Monday, December 3, 2012

The words that come to mind for my first not so lonesome traveler post is "traveling is easy." Are those the words to some song? This title "not so lonesome traveler" was something I thought about some years ago; I had visions of filling the pages of this blog with travel links and photos of adventures - mine and others. However, though I get to London twice or three times a year to visit my daugher and family (three grandchildren), visits which I love, my mainstay travel experiences are traced in the footprints that criss cross through each day here in Boise. This is, for now, my Rome and Paris and Istanbul.

Over time I find that this home territory - ie my life at age 6o plus - is more spacious than is sometimes comfortable.
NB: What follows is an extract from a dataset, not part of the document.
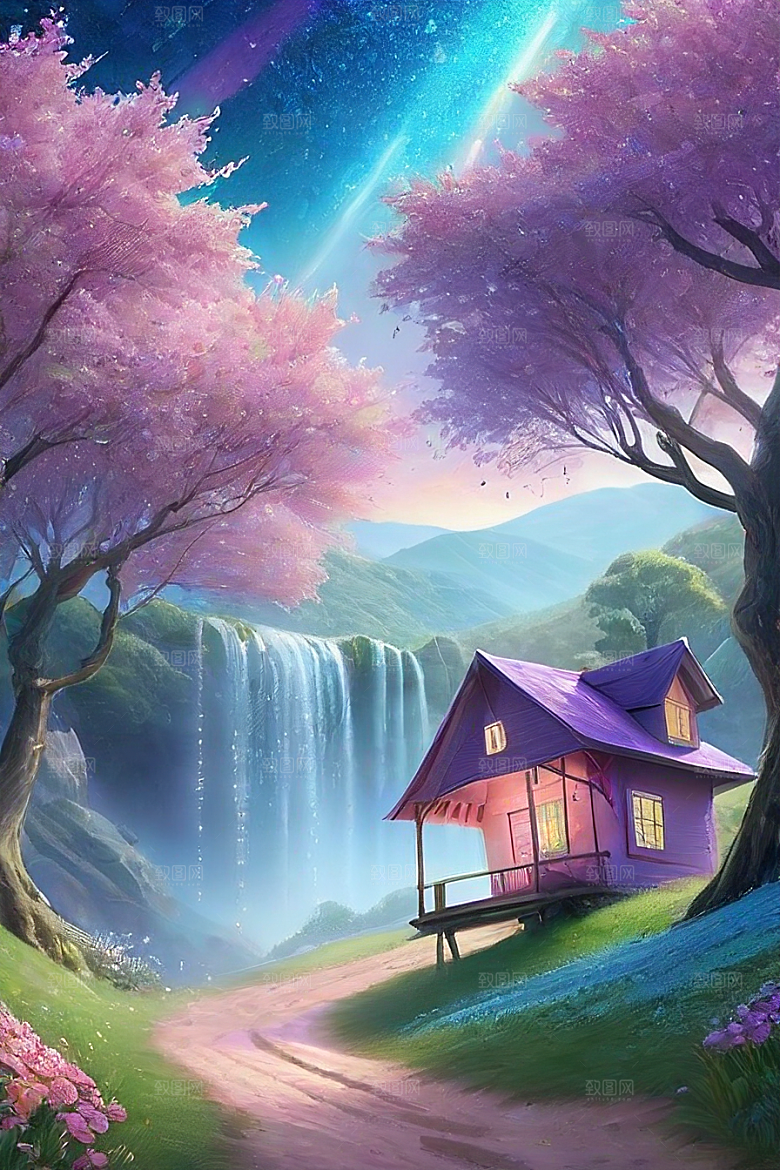 清晨的绿色森林美景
I never expected that my grandchildren and my two daughters would live on another continent. It is because roles I expected to play at this stage of life are not necessary, that  the unexpectedness of having many options come in. Right underneath the surface of a work week is a kind of dangerous flexibility. If I can pay attention, it sharpens seeing, hearing and interpreting - then each day's sidetrips - walking down to Starbucks on Sunday morning or taking a ride down to Lucky Peak -  emerge in an un-plan. A day can be a routine, but if I look carefully, camouflaged in the moments, usually invisible, are arrows reading, "why don't you try going this way?" Yet to follow those arrows, it is almost as if I have to step over a network of little walls that box in the day as a series of timelines. Coffee, work, lunch, work, a walk, dinner, etc. There is always the open invitaton to break things up - "go outside and play" our mothers used to tell us.

Not long ago, a friend was vividly describing being in Mexico and taking a side trip where she got to go on a zip line. That would be a stretch for me, I thought as she described what it was like. What, though, is going on here in my Monday or Tuesday that is comparable to the zip line? What is going on today that would take nerve to do? Write? Call? Paint? Cancel the work day? I heard a talk  the other evening by someone talking about how you can change things up by giving. He was saying, "just start where you are.....if you have closet to clean, do it now. If you have clothes to give away do it now. If you have someone with whom you want to make amends, do it now.." and he went on, "in being faithful to the smaller things then the greater things will arise.." For many years travel, to me, meant the greater things. The trip to Rome or the walking tour of Scotland. Those are possibilities, yes. These days, though, I make a hearty toast to any small whisp of curiosity that remolds the Mondays and Tuesdays because then I can travel every day without a map or a plan.